You know the place. Everyone raves about their chicken sandwich. Your children always beg you to go there. The drive through lines are insanely long. While their customer service is amazing, it’s closed on Sundays - even in Atlanta’s football stadium, which is dumb because, hello, football is played on Sunday. The CEO invests in anti-human policies. For that reason, and the fact that the chicken is merely just “ok”, I don’t frequent the establishment too much. I go there when there is a PTO fundraiser for my children’s schools or if I’m in a bind, but don’t feel like putting food that doesn’t naturally decompose into my body. Also, Chik-fil-A sauce, for the record, is gnarly.

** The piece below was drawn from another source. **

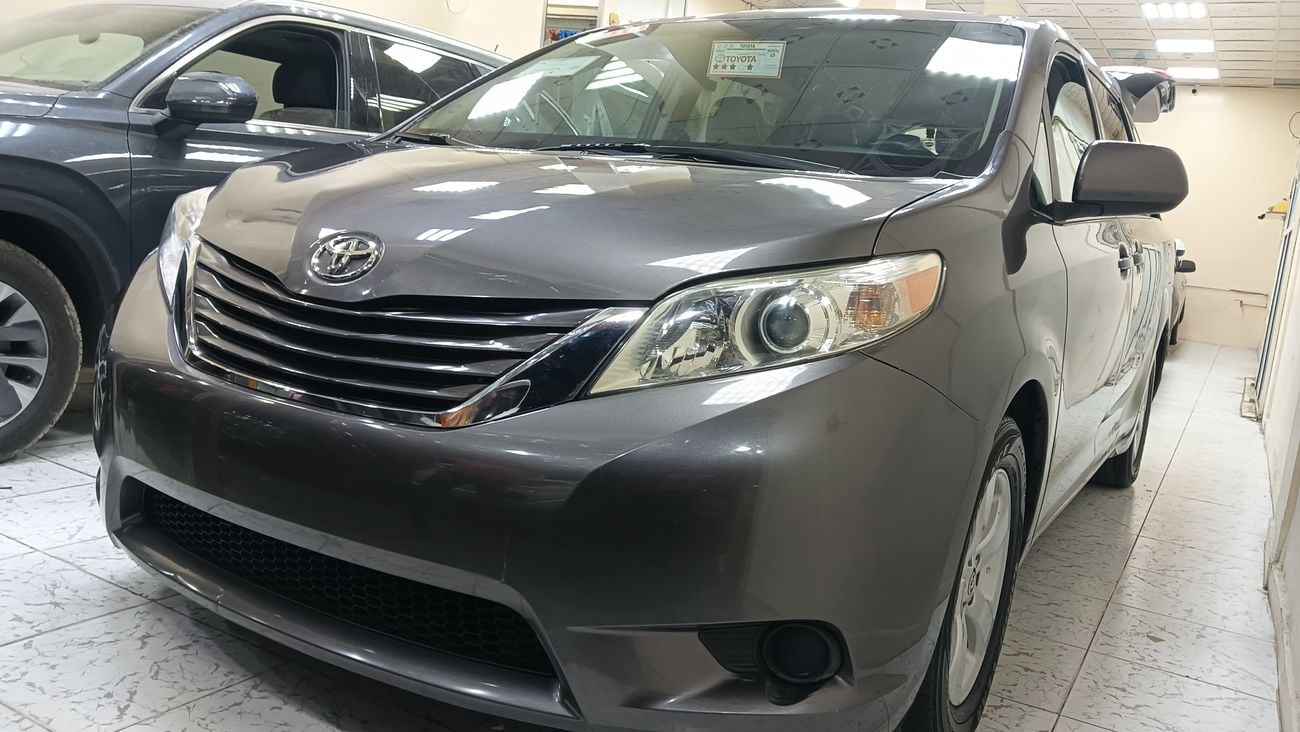 Toyota Sienna LE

Now, where were we? Ah yes - fried chicken sandwiches. Sure, I could have tried to do a copycat recipe, but why would I do that for some blah chicken? Instead, I decided to recreate another recreation (of a chicken sandwich I’ve only read about) from Himalaya Restaurant in Houston, Texas. I read about this chicken during the Nationals’ playoff run a few years ago in which I was doing an “eat ‘em to beat ‘em” theme where I’d cook up food based upon the opponents’ location. This was before the blog, so I have no link to offer you, unfortunately. Perhaps I need to reflect upon that awesomeness and do a series on here. So, below is my take on chicken I’ve never tried before. It’s amazingly delicious and guilt free, in a humanistic sense I guess. I pair it with a raita-based sauce, because, again: Chik-fil-A sauce is disgusting.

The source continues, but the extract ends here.